La République démocratique du Congo (RDC) franchit une nouvelle étape dans la réforme de son secteur minier artisanal avec l’inauguration de la première Zone d’Exploitation Artisanale (ZEA) pilote viable à Kasulo, dans la province du Lualaba. Cette initiative marque le passage à la phase opérationnelle d’un vaste programme de formalisation destiné à moderniser l’exploitation artisanale, améliorer la gouvernance des ressources minières et renforcer les retombées économiques du secteur.
Portée par le ministère
des Mines, cette réforme s’inscrit dans la stratégie du président Félix Antoine Tshisekedi Tshilombo visant à faire de l’industrie minière un levier de croissance durable. Elle ambitionne notamment de mieux encadrer les activités des exploitants artisanaux, de renforcer la traçabilité des minerais et d’accroître les recettes publiques issues de l’exploitation des ressources naturelles.
Pendant de nombreuses années, l’exploitation minière artisanale en RDC a évolué dans un contexte marqué par une forte informalité. L’exploitation illicite des minerais, l’occupation désordonnée des concessions industrielles, les accidents récurrents ainsi que la faible mobilisation des recettes fiscales ont constitué autant de défis pour les pouvoirs publics.
Pour y répondre, le ministère des Mines a engagé un processus de restructuration du secteur reposant sur la création de Zones d’Exploitation Artisanale. À ce jour, 64 ZEA ont été délimitées, dont 33 dans la province du Lualaba et 31 dans le Haut-Katanga. Ces espaces sont destinés à offrir aux exploitants artisanaux un cadre légal, sécurisé et conforme aux dispositions du Code minier.
Après les études techniques, les campagnes de sensibilisation des coopératives minières et l’identification des sites, le Gouvernement a lancé les travaux de viabilisation des différentes zones avec l’appui d’un contractant spécialisé. Les coopératives y seront progressivement affectées au fur et à mesure de l’aménagement des sites.
Plus de 5 000 exploitants relocalisés à Kasulo
La première phase opérationnelle de cette réforme s’est concrétisée à Kasulo avec la relocalisation de plus de 5 000 exploitants miniers artisanaux auparavant installés de manière irrégulière sur le site T17, situé dans le périmètre de Kamoto Copper Company (KCC), vers la Zone d’Exploitation Artisanale 786.
Cette relocalisation vise à permettre aux creuseurs d’exercer leurs activités dans un environnement mieux organisé, plus sûr et conforme aux exigences réglementaires, tout en réduisant les conflits liés à l’occupation des concessions minières industrielles.
La cérémonie officielle de lancement a été présidée par le directeur général du Service d’Assistance et d’Encadrement des Mines Artisanales et à Petite Échelle (SAEMAPE), Jean-Paul Kapongo, représentant le ministre des Mines.

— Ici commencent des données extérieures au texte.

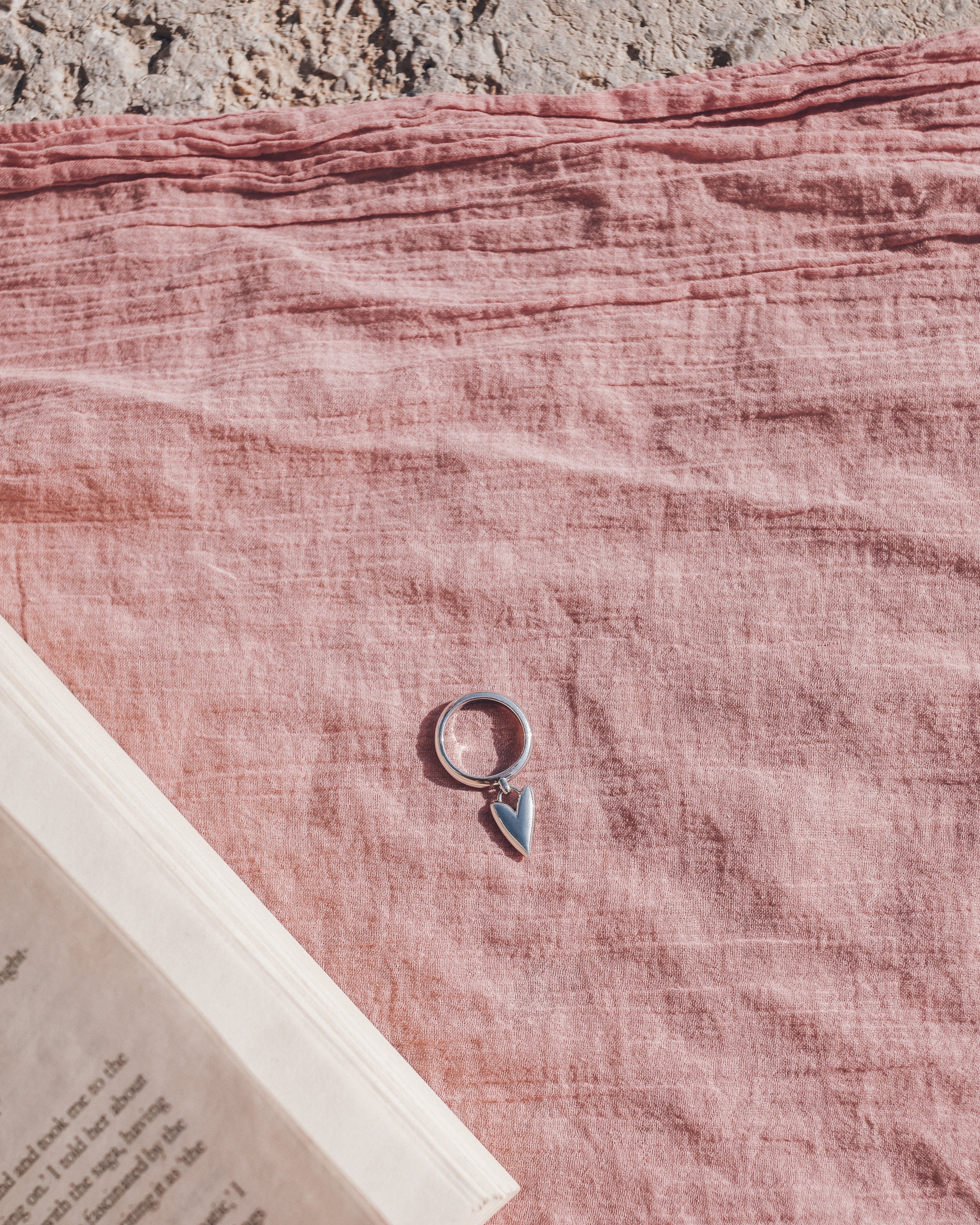 Silver ring with a heart-shaped pendant on a pink pareo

Elle s’est déroulée en présence de la gouverneure du Lualaba, Fifi Masuka Saini, des autorités provinciales, des services techniques de l’État ainsi que des représentants des coopératives minières.
Au-delà de la formalisation des activités, le Gouvernement introduit un dispositif inédit de protection sociale en faveur des exploitants artisanaux. La réforme prévoit notamment une couverture d’assurance destinée aux creuseurs ainsi qu’à leurs ayants droit.
Cette mesure vise à améliorer les conditions de travail, renforcer la sécurité économique des familles et réduire la vulnérabilité sociale des milliers de Congolais qui tirent leurs revenus de l’exploitation artisanale des minerais.
Un modèle appelé à être étendu
Les autorités considèrent cette première ZEA pilote comme une étape déterminante dans la transformation de l’artisanat minier congolais. En structurant davantage la filière, le Gouvernement entend renforcer la gouvernance du secteur, sécuriser les investissements, améliorer la traçabilité des chaînes d’approvisionnement et optimiser la collecte des recettes fiscales.
L’expérience de Kasulo est appelée à servir de modèle pour le déploiement progressif des autres Zones d’Exploitation Artisanale prévues dans les principales provinces minières du pays. À terme, cette réforme devrait contribuer à bâtir un secteur minier artisanal plus formel, plus inclusif et davantage créateur de valeur pour l’économie nationale.